- TASK DIRECTIONS
Restate all of the following data exactly, keeping any images out of the copy.

- Caption-style text data
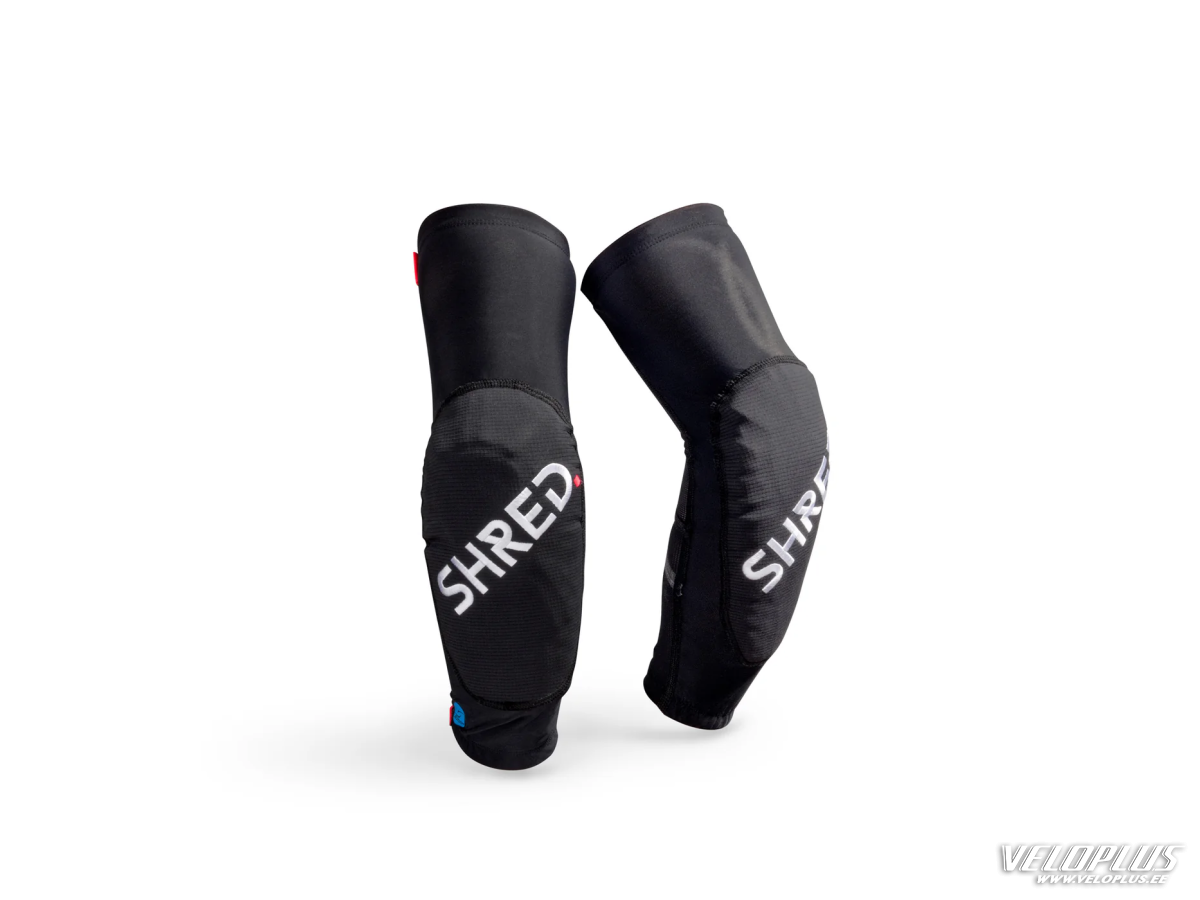 Küünarnukikaitsmed SHRED FLEXI ELBOW PADS LITE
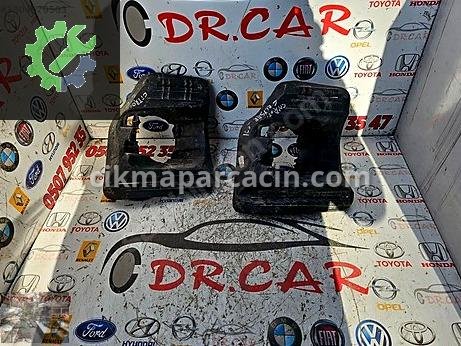 Citroen C-Elysee Far Braketi çıkma parça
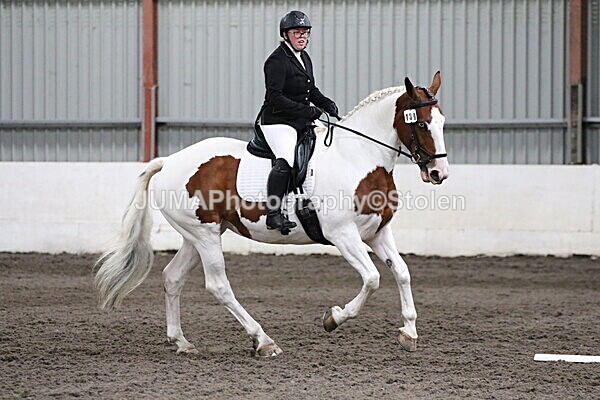 SIAL4533 - CAbin Dressage 5th july 2025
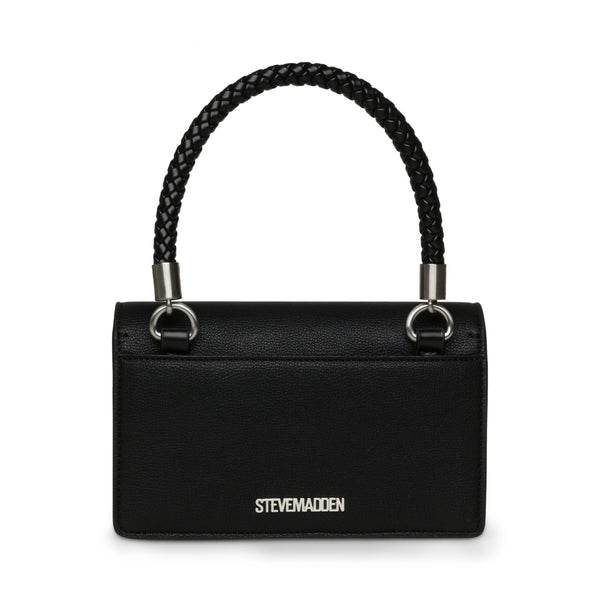 סטיב מאד - תיק צד לערב BNESTA בשחור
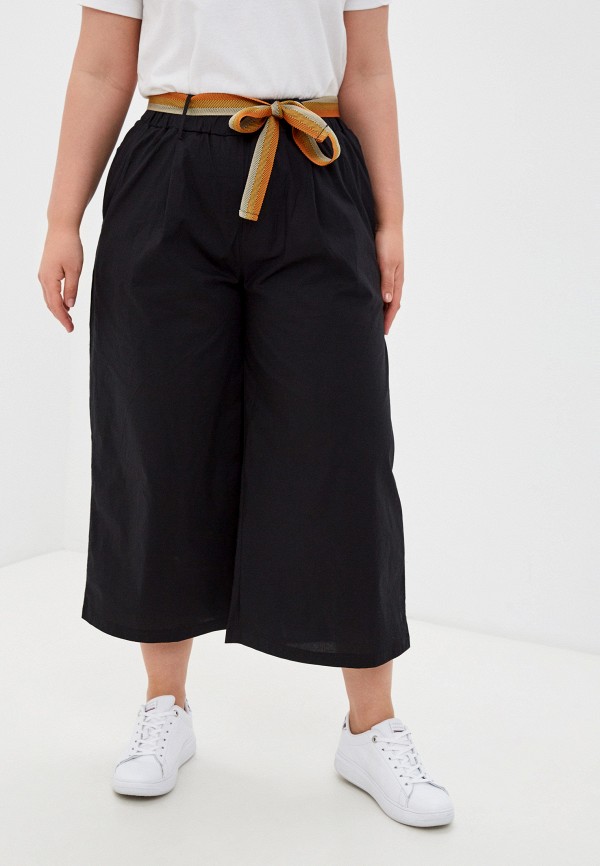 

Брюки Chic de Femme, Черный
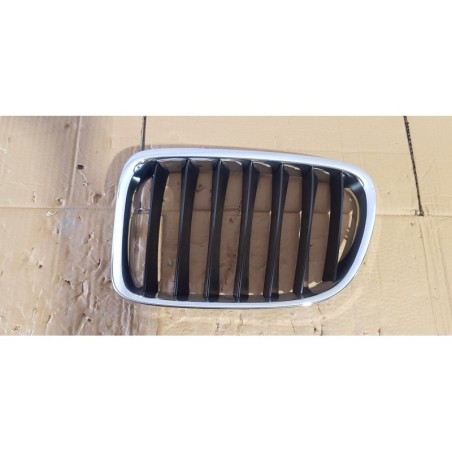 BMW X1 E84 MASCHERINA RADIATORE GRIGLIA ANTERIORE CALANDRA SINISTRA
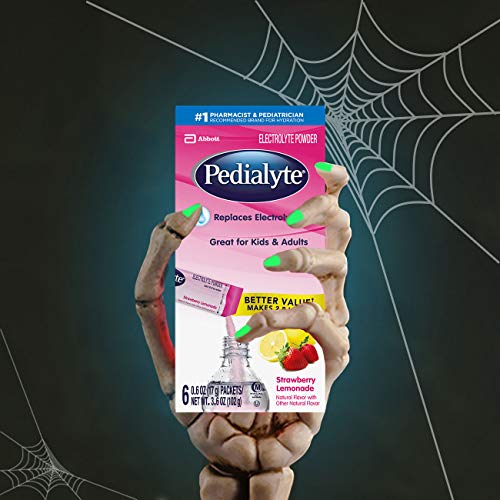 best pedialyte for seniors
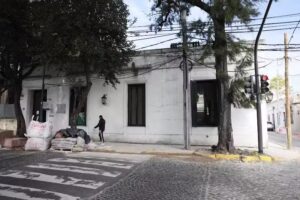 Turismo Municipalidad San Isidro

- RESPONSE FOR THIS EXERCISE
 Küünarnukikaitsmed SHRED FLEXI ELBOW PADS LITE
 Citroen C-Elysee Far Braketi çıkma parça
 SIAL4533 - CAbin Dressage 5th july 2025
 סטיב מאד - תיק צד לערב BNESTA בשחור

Брюки Chic de Femme, Черный
 BMW X1 E84 MASCHERINA RADIATORE GRIGLIA ANTERIORE CALANDRA SINISTRA
 best pedialyte for seniors
 Turismo Municipalidad San Isidro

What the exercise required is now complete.